The race for Seattle’s Next Mayor will pit a City Council President who wants to tax big corporations for housing against a former City Council President who wants to ask corporations nicely if they could please maybe throw some money our way thanks.
The race for Seattle’s Next Mayor will pit a City Council President who wants to tax big corporations for housing against a former City Council President who wants to ask corporations nicely if they could please maybe throw some money our way thanks. Lorena González's campaign

I woke up this morning feeling like a lot of things happened last night but also that nothing really changed.

King County Elections estimates that turnout for the primary will end up somewhere around 34-36%. (We're currently at 33%.) Turnout in 2017 was 34%. A couple incumbents are in some serious trouble—I'm looking at you, Seattle City Attorney Pete Holmes and 19-year Republican incumbent King County Councilmember Kathy Lambert—but otherwise none of the real or simply self-described "change agents" are leading, at least not among the earliest primary voters.

All that said, with half the ballots still left to count, making sweeping generalizations about how the city or county "feels" seems unwise. But with that said, let's discuss some of the things we can say about the city elections.
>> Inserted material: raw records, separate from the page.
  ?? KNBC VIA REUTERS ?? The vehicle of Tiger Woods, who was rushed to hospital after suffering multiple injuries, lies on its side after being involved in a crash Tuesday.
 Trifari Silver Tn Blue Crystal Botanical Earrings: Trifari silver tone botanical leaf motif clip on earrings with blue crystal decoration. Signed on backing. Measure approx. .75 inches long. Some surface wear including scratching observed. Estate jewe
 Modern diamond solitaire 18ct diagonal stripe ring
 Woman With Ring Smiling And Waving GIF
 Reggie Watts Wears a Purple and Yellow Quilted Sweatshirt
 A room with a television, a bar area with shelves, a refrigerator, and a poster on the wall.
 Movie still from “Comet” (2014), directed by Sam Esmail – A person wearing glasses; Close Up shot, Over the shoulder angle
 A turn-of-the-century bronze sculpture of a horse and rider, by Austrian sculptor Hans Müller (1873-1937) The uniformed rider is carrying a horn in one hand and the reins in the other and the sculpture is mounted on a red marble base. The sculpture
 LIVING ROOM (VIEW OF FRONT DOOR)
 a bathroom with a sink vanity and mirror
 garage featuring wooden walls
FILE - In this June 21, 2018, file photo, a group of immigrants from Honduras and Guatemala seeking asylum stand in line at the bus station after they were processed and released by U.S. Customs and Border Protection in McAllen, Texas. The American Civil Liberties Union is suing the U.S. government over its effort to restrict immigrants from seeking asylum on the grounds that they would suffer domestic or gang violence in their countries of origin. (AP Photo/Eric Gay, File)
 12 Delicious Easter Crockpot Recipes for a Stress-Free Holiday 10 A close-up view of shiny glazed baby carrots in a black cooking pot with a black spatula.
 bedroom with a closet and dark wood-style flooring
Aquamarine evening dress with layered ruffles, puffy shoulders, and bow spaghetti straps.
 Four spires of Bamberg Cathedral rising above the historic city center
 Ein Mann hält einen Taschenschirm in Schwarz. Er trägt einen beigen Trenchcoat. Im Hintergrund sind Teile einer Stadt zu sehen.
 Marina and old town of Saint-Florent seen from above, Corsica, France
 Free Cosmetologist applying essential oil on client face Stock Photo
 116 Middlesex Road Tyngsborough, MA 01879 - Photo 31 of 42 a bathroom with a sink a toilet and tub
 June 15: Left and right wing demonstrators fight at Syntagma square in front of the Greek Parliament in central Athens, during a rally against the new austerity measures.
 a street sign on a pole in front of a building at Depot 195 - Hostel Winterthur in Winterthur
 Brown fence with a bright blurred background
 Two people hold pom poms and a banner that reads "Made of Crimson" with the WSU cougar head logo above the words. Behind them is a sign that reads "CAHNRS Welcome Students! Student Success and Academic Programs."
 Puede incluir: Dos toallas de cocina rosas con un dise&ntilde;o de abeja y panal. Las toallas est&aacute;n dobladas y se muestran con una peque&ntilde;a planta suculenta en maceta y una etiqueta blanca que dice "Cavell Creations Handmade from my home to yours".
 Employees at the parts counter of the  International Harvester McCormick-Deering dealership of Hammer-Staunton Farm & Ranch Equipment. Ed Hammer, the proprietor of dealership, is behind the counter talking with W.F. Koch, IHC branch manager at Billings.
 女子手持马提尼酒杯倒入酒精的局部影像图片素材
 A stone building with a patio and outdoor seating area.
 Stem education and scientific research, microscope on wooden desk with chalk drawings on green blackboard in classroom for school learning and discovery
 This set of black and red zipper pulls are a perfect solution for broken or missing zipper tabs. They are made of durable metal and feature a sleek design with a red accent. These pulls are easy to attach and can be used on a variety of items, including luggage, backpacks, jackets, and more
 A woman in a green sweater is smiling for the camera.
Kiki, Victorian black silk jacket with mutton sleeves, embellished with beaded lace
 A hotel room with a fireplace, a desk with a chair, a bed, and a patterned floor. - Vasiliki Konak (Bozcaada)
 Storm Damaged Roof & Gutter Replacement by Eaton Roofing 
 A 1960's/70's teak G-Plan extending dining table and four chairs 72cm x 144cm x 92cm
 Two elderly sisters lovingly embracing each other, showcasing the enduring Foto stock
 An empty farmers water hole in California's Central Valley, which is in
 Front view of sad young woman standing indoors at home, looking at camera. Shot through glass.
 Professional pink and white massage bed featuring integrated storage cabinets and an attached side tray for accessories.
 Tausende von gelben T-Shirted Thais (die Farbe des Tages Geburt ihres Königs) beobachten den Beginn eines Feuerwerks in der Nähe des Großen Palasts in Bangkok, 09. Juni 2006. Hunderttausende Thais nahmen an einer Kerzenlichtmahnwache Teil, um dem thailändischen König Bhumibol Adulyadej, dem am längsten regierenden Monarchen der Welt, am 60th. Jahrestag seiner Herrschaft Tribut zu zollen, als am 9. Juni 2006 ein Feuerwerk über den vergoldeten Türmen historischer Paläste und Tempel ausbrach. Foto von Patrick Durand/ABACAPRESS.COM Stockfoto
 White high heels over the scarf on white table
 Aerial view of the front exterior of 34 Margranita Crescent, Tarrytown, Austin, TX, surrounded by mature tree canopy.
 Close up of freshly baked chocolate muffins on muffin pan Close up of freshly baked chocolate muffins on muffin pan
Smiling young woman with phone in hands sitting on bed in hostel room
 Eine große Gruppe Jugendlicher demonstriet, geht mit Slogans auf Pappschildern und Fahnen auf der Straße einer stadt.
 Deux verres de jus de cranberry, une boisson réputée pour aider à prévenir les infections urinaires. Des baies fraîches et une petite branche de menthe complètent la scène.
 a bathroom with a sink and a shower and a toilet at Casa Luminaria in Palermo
Seattle voters picked the candidates they knew.

When I look at Nikkita Oliver and Sara Nelson making it through to the general, or Ann Davison and Nicole Thomas-Kennedy doing well in the City Attorney's race, or the poor showings from Colleen Echohawk and Jessyn Farrell, I want to repeat some cliche about polarization and primary electorates. The lefty progressives and the Safe Seattle dorks came out! The candidates who positioned themselves as a middle between two extremes within their fields—Brianna Thomas, Pete Holmes—aren't looking good on election night. But candidates muddied the ideologically picture. Every candidate presented themselves as a "progressive," and Nelson touted her support "across the political spectrum" in her mailers.

Stylistically, as the Stranger Election Control Board mentioned in its endorsements, an anti-Seattle City Council narrative dominated campaign messaging. "Everyone hates the city council!" "Worst wrong-track numbers I've ever seen!" "This is a change electorate!" And yet, as the Seattle Times's Danny Westneat argued last night, and as The Stranger has been arguing all the while, primary voters at least don't appear to be that pissed at the council.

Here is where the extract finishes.